Next week, Ravi Singh, the 35-year-old Indian American who has managed the online campaigns of Barack Obama, Hillary Clinton and John McCain, will be in Delhi to give yet another push to get Indian politicians on the web. Paramita Ghosh elaborates.

india Updated: Nov 22, 2008 22:56 IST
Paramita Ghosh

Next week, Ravi Singh, the 35-year-old Indian American who has managed the online campaigns of Barack Obama, Hillary Clinton and John McCain, will be in Delhi to give yet another push to get Indian politicians on the web. “I will be able to give you some names next week,” he says over the phone, en route to Europe, adding “there’s a lot of interest from politicians in Bangalore to move their campaign to the Internet. Many of them are young, have BlackBerrys and understand that it’s time Indian politicos used these tools.”

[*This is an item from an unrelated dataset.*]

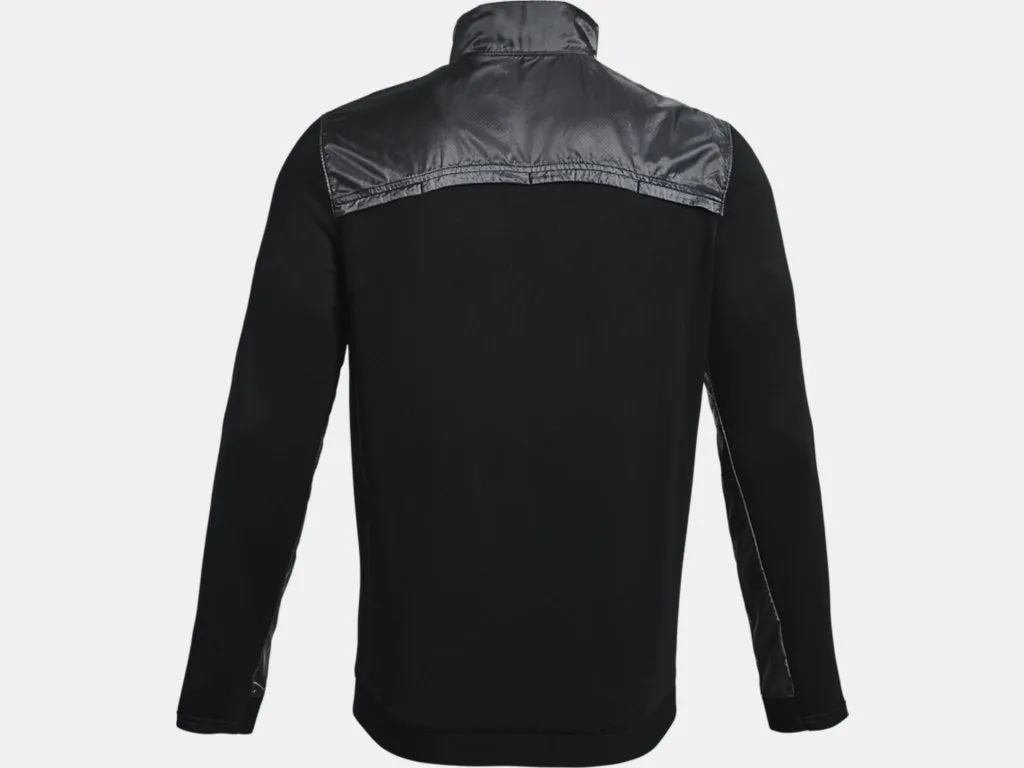 UA Men's Command Warm-Up Full-Zip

Singh, who ran 634 online campaigns in the recently concluded American elections, set up a $2 million research and development lab in Delhi last year. But the going hasn’t been easy, he says. “There is no conflict of interest in sharing the same technology. In America, both the Democrats and Republicans understand that.” What he is having to contend with here is somewhat different. In short, tradition and mindset.

Ravi Singh is not the only one. In 1991, Achal Paul, an advertising professional with Megacorp had handled the Congress election campaign — the first time in Indian elections that a child was used in an ad campaign. “Rajiv Gandhi was actively involved in that. I cast my daughter as the child holding a doll upside down,” says Paul, “and we ran a text, ‘Chacha, have you found a job?’ It was Mr Gandhi’s suggestion that we use handwriting to ask this question with spelling errors, rather than a cold typeface to reflect a child’s point of view…Rajiv Gandhi was ahead of his time. Young turks in the Congress may now understand the need to move ahead with technology, but unlike Rajiv they are not the ones taking the call — a lot of dead wood like Arjun Singh are.”

Indian politicians, feels Singh, are coy of technology and cautious. “They are not trailblazers. They would rather follow what the party tells them.” Indian Idol, argues Singh, has phone-ins, a website, “Why not engage politicians in the same way? The Internet is a boon for Independents. See how it gave a chance to underdogs like Barack Hussein Obama, especially with a name like that in America.”

There is however a problem in India’s limited Internet access. So who will e-campaigns target? “Indian politicians don’t know how to get a return on votes. A web campaign is not just about receiving and texting messages. Moreover, the Indian countryside is changing. My feeling is that web campaigns will soon be people driven. Indian politicians will be pushed to it because people will demand it of them.”